In the chapel, one bulb burns in a small safety lamp set into a recess like an aumbry – where the communion chalice normally lives.

Grayle’s never been here at night before. It feels, more than ever, like a sanctuary. More of one than anywhere in the actual house.

He’s waiting in the corner of a pew, hands primly on his skirted knees.

‘Gone to the toilet, I have, little Grayle. Never easy to get away. Someone always notices if you’re gone. The toilet’s all we have. Pull down the wooden lid, we do, and sit there and relish the silence. Come to this, it has.’

Above him, facing the screened window with the camera behind, is the inquisition chair, empty as a dead king’s throne. Grayle sags gratefully into the pew opposite Cindy.

‘Is it as bad in there as it looks?’

‘It looks bad?’

‘Getting weird, Cindy. These are not airheads.’

‘Two days to become institutionalized. That’s what they say, isn’t it?’

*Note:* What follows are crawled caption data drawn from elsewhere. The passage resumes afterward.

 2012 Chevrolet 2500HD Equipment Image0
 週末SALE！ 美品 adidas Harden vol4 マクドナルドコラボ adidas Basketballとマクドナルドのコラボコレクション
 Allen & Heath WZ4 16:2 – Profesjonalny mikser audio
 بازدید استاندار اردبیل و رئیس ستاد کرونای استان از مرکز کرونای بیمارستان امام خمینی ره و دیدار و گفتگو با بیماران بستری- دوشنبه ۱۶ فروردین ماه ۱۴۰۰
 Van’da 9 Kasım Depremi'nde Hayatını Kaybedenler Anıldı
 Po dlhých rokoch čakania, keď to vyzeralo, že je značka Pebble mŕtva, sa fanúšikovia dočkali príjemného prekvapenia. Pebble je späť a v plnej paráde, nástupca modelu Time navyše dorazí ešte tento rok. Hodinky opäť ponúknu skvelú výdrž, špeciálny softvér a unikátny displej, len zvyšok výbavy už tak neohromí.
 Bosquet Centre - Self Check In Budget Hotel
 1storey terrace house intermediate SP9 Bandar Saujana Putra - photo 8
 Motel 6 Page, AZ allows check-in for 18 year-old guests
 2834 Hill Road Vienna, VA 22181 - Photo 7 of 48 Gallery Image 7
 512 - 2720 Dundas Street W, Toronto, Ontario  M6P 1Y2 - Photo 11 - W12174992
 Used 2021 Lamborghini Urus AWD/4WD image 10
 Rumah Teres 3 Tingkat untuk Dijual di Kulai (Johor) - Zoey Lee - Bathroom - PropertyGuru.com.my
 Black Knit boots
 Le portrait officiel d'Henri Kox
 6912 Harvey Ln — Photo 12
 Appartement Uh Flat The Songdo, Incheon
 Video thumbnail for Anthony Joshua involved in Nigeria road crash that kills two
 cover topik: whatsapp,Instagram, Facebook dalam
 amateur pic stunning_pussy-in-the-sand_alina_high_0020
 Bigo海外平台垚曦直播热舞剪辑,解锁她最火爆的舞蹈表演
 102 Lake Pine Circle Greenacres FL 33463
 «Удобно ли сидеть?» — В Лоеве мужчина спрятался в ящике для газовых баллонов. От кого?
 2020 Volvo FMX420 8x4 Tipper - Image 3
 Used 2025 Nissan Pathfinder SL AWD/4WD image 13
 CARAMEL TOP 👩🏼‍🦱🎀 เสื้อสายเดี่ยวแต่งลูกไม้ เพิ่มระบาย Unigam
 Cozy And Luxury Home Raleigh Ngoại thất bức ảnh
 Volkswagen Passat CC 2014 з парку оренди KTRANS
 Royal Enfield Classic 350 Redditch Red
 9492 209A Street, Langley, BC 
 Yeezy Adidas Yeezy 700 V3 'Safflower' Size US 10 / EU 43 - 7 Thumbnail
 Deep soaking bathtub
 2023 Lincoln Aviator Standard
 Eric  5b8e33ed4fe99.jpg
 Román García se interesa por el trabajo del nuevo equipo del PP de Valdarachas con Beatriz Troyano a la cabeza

‘Yeah. Something like that. Listen… What did Ozzy see?’

‘Now that,’ Cindy says, ‘is interesting. He does indeed give every indication of fighting against himself.’

‘So you think Eloise could be right. He’s in denial?’

‘Not cool to be psychic, is it? Not what a cynical stand-up comedian needs in his life.’

‘So does that’ – Grayle leaning forward – ‘does that explain his anti-religion gags, his witchy mother-in-law routines? I
talked
to his mother-in-law. Seemed, in spite of all he said about her, to have a respect for him. Said he was clever. But what happened in there… that didn’t look at all clever to me. Looked like something was taking him apart.’

‘Indeed. What’s Mr Defford’s view of it?’

‘When I was in there, he hadn’t seen it. He’s watching his first show go out. But it’s obvious who he’ll think the woman was. Or who he’ll think the woman needs to be for our purposes.’